Ох, атаман Всевеликого войска, ой, не шути так сегодня…
«Пока Москва корежится в судорогах большевизма и ее нужно покорять железной рукой немецкого солдата — примем с сознанием всей важности и величия подвига самоотречения иную формулу, единственно жизненную в настоящее время: „Здравствуй, фюрер, в Великой Германии, а мы, казаки, на Тихом Дону"» — так писал Краснов в июле 1942 года.
«Железной рукой», значит, «нужно покорять» Москву. И железной пятой топтать потом.
Мой рязанский дед как раз в июле 42-го заканчивал учебку, и вскоре вывезли его в чистое поле под Сталинградом, где получил он первую свою контузию и потерял первого напарника — дед был пулеметчиком, — и только «вторых номеров» у него убило шесть человек за войну.

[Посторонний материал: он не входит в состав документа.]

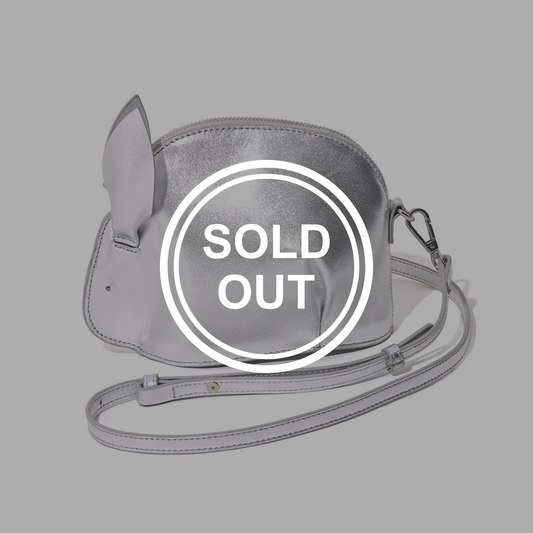 Usagi leather pouch shoulder bag Silver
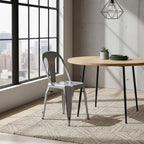 Vintage Style Grey Metal Chair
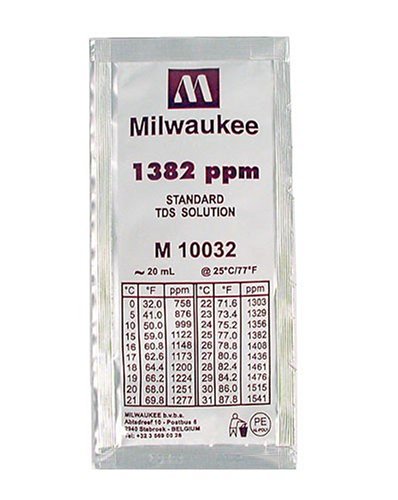 Milwaukee Instruments TDS Meter Calibration Solution 1413 µS/cm, 8 oz (250 mL) - Premium Water Quality Testing Solution for Hydroponics, Aquariums & Drinking Water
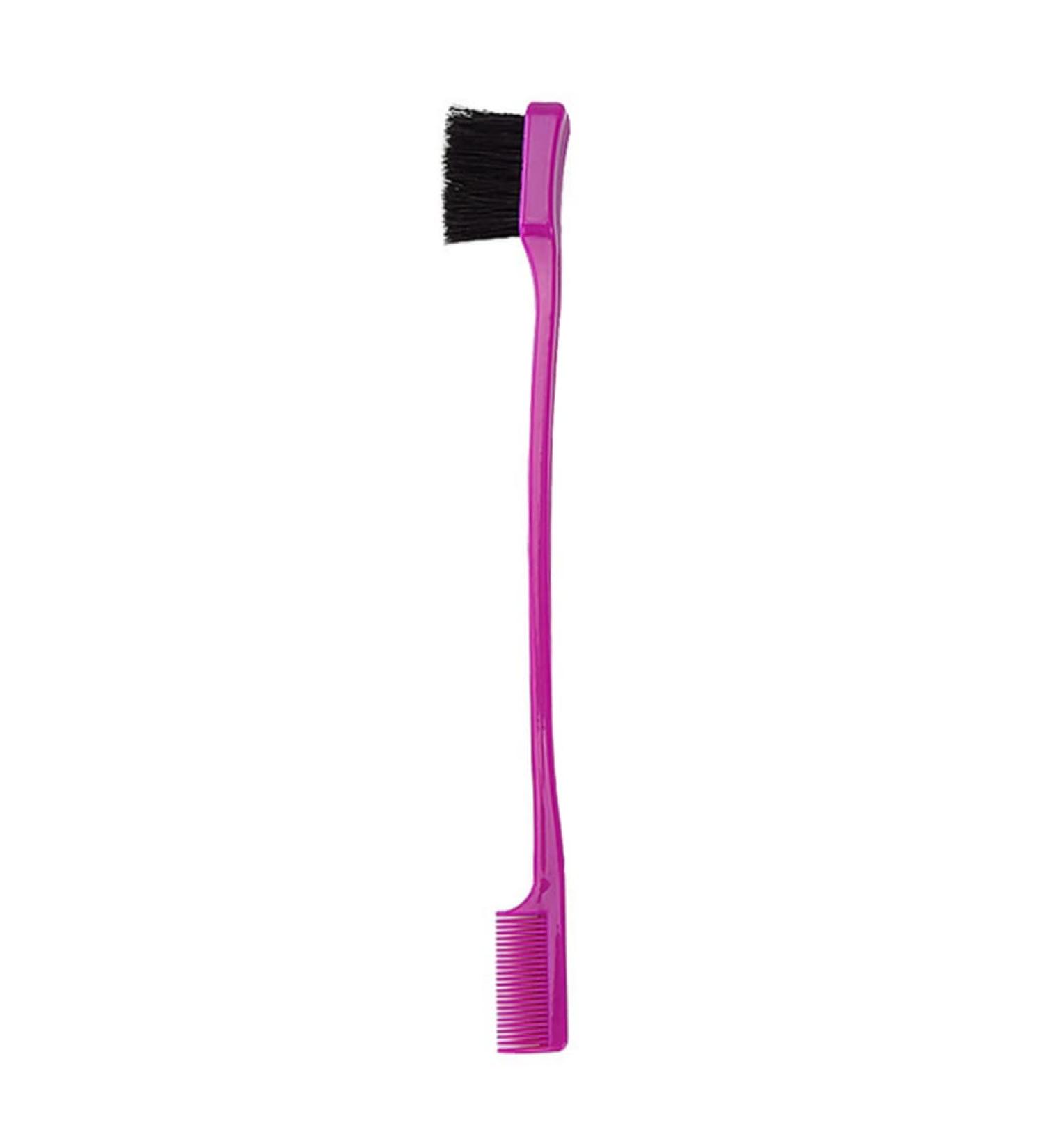 Eyelash Brush Mascara Brush Portable Toothbrush Eyebrow Comb Double-Head Makeup Brush Multifunctional Dye Hair Brush Eyebrow Brush Black - Buy Online on GoSupps.com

Другой мой, липецкий, дед — комбайнер, имевший бронь, последний раз жал тем летом рожь и осенью ушел в артиллеристы, а потом попал в плен, откуда вернулся 47-килограммовым доходягой: двухметровый мужик. Чуть не выдавили из него жизнь железной рукой.
Теперь казачий депутат рассказывает нам, что Петр Краснов сражался против большевизма. То есть, если бы, скажем, рязанскому деду моему снесли опозоренной казачьей шашкой беспартийную голову, это оказалось бы борьбой с Советами, а никак не с моим дедом и не с моим родом?